Research:Prioritization of Wikipedia Articles

Duration:  2020-06 – ??

This page documents a research project in progress.
Information may be incomplete and change as the project progresses.
Please contact the project lead before formally citing or reusing results from this page.


This page encompasses a number of projects all related to the prioritization of wiki work. From a technical standpoint, the research generally focuses on three core technologies: methods for determining article importance, methods for determining article quality, and methods for building lists of Wikipedia articles to prioritize based on their importance and quality. From an ethics and governance standpoint, the research must address large questions such as how we measure and support equity within Wikipedia content and how to provide tools that are universal (can be used by all language communities) but contextual / distributed (each language community can operationalize their own topics and concepts of importance and quality).

Background edit

Ideally, all artifacts in a peer production community would be of the highest possible quality. However, all peer production communities — even the very large English Wikipedia community — have a limited number of contributors and all contributors have a limited amount of available time. Given these limitations, some artifacts necessarily will be of lower quality.

— Warncke-Wang et al.[1]

Knowledge equity: As a social movement, we will focus our efforts on the knowledge and communities that have been left out by structures of power and privilege. We will welcome people from every background to build strong and diverse communities. We will break down the social, political, and technical barriers preventing people from accessing and contributing to free knowledge.

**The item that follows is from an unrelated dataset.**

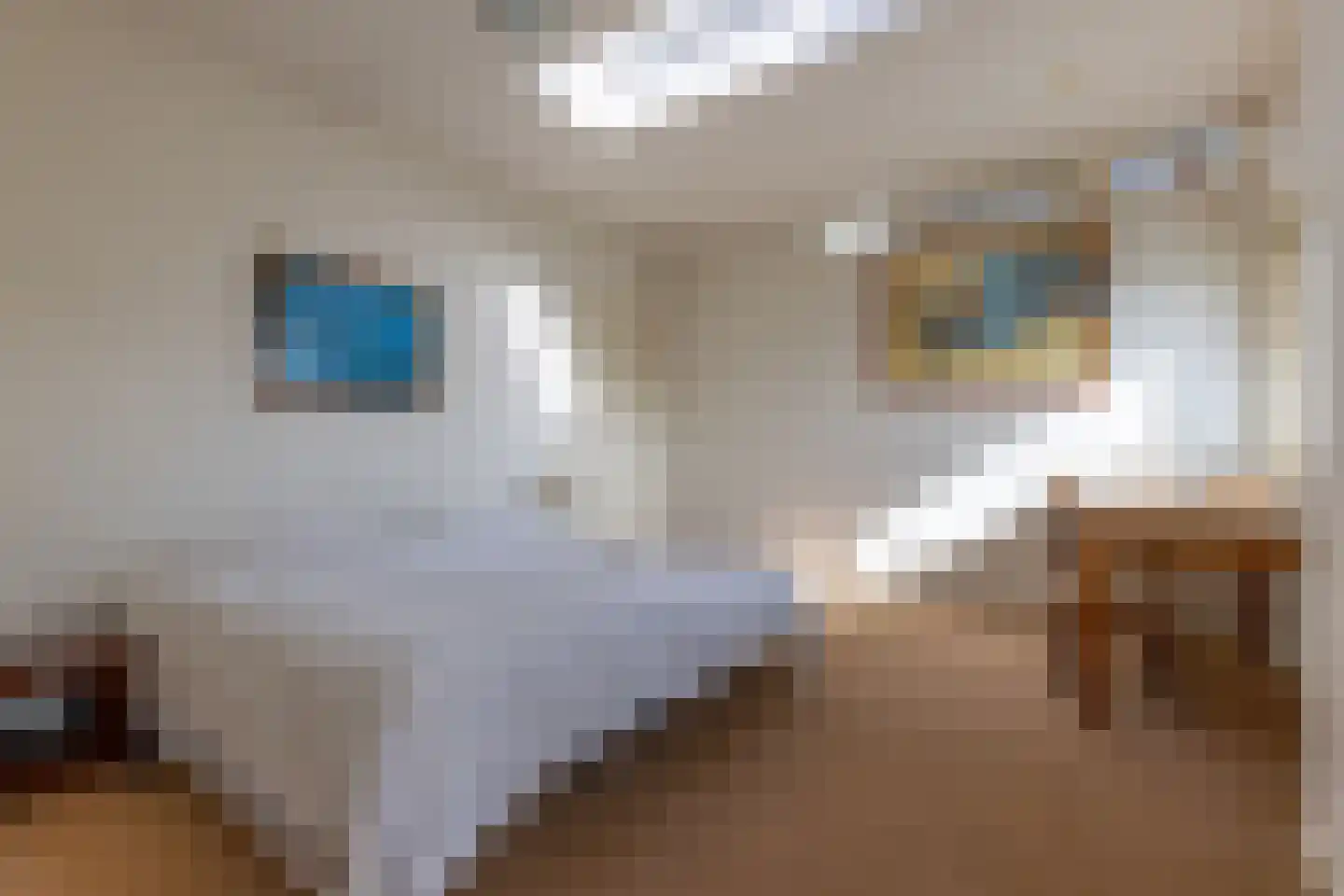 Singel 1 Blaricum thumbnail 25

Prioritization of content -- i.e. ranking Wikipedia articles by their importance -- is a necessary component of efforts aimed at achieving Knowledge Equity. It is an acknowledgment that additional support is required to overcome the limited resources and existence of systemic biases that arise in the absence of organized efforts to cover diverse topics. For editors and communities willing to focus on reducing knowledge gaps within Wikipedia, the Wikimedia Foundation can provide tools and guidance to help support these efforts and move us closer to Knowledge Equity.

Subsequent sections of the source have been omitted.